5. La comunidad cristiana, así
pues, nace de la palabra y ahonda sus raíces en el misterio pascual. Pero hay
un tercer elemento que hace la comunidad: es la caridad efundida en nuestros
corazones por el Espíritu Santo (Rm 5,5). ¿Qué sería una comunidad sin la
caridad? ¿Qué sería si no actuase lo que el Concilio ha llamado la “ley” del
nuevo pueblo de Dios: el precepto de amar como el mismo Cristo nos ha amado
(cf. LG 9)? ¿Qué sería sin la plena comunión con el propio obispo, con la
Iglesia universal?
Esta caridad, no obstante, debe
hacerse visible. Debe permear y ordenar todos los aspectos de la vida de la
comunidad. La comunión espiritual debe hacerse comunión de toda la dimensión
humana, debe generar una socialidad auténticamente cristiana. Es importante
–como tuve ocasión de subrayar ya en otra ocasión- “que la parroquia se
convierta cada vez más en un centro de agregación humana y cristiana, es decir,
realice una plena dimensión comunitaria” (24-enero-1982). Nuestras comunidades
están llamadas a ser una anticipación de la civilización del amor. Y esto
significa que, con el modelo de las primeras comunidades cristianas, deben
realizar estructuras sociales concebidas con la enseña de la fraternidad, un
estilo de relaciones informadas por el espíritu de paz y del don recíproco, una
solidaridad que sane el cuerpo social, una vida espiritual comunitaria capaz de
unir el amor de Dios y el amor del prójimo.
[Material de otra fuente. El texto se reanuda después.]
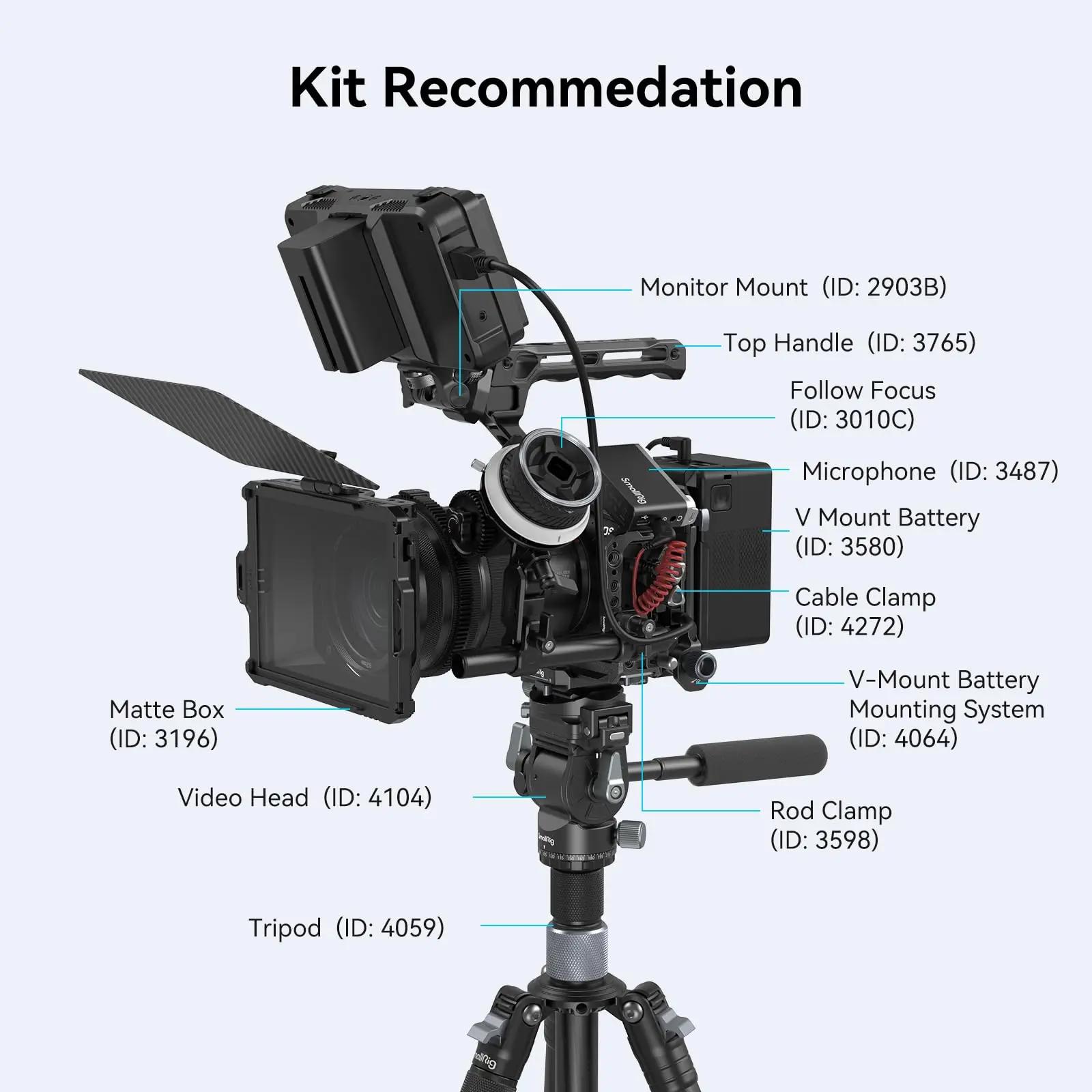 SmallRig – Cage de caméra «Black Mamba» pour Canon EOS R6 Mark II, plaque de dégagement rapide arca-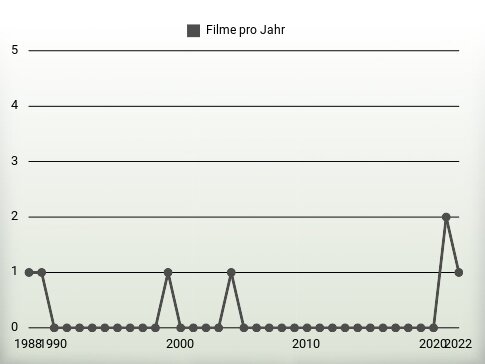 Filme pro Jahr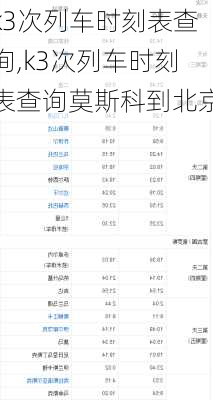 k3次列车时刻表查询,k3次列车时刻表查询莫斯科到北京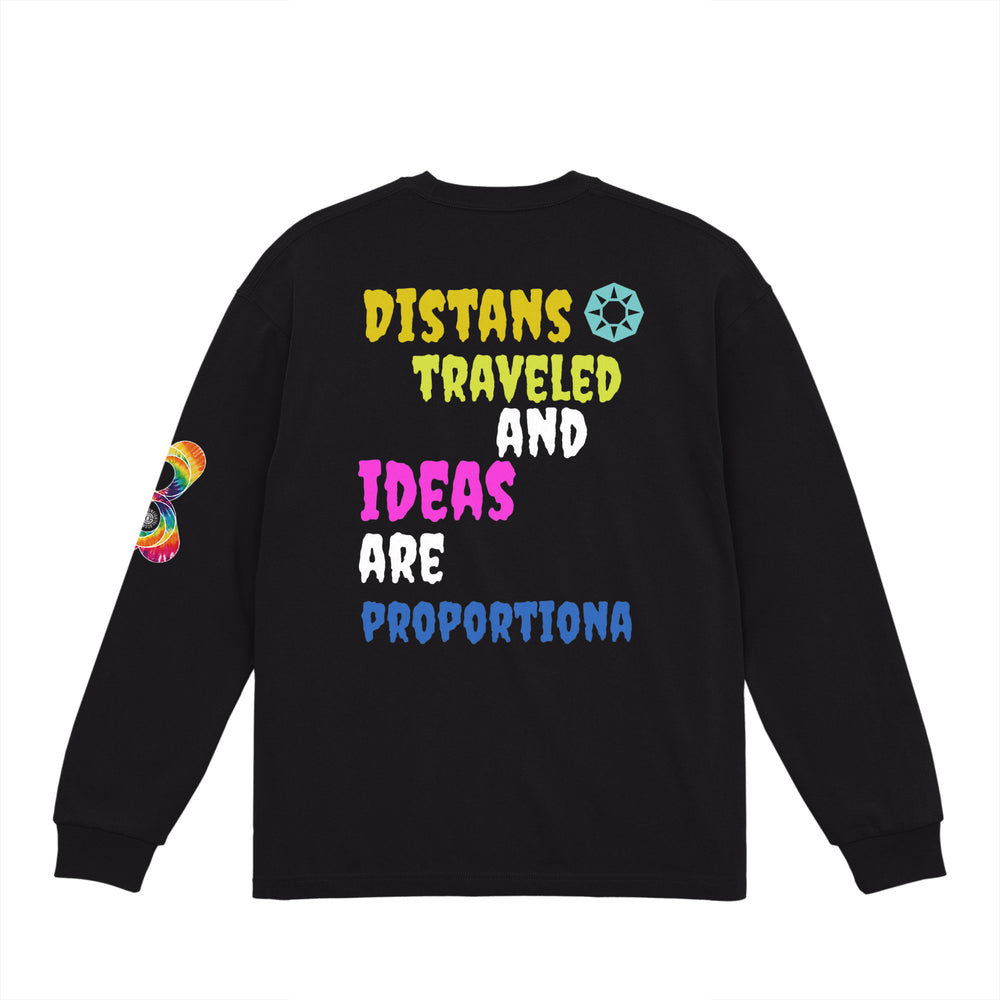 Distance traveled and ideas are proportional/Message black image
Sé que en este encuentro estáis
reflexionando sobre todos estos aspectos. Son necesarios para la madurez de una
comunidad y para la eficacia de su testimonio. El mundo de hoy, con frecuencia
alejado de Dios, mira más los hechos que las palabras. Pero Cristo mismo nos
advirtió sobre este camino: “por esto sabrá que sois discípulos míos, si os
amáis unos a otros” (Jn 13,35). La parroquia es un lugar privilegiado para dar
este testimonio, repitiendo en nuestro tiempo el prodigio de las primeras
comunidades, el prodigio de una vida nueva no sólo espiritual sino social e
histórica".
(Juan Pablo II, Disc. a los participantes en el Congreso Internacional del “Movimiento parroquial”[1]
Sábado, 3-mayo-1986).
Este rostro de la parroquia sin duda es interpelante: nos provoca, nos despierta, nos interpela.
El reto es fascinante si lo tomamos en serio.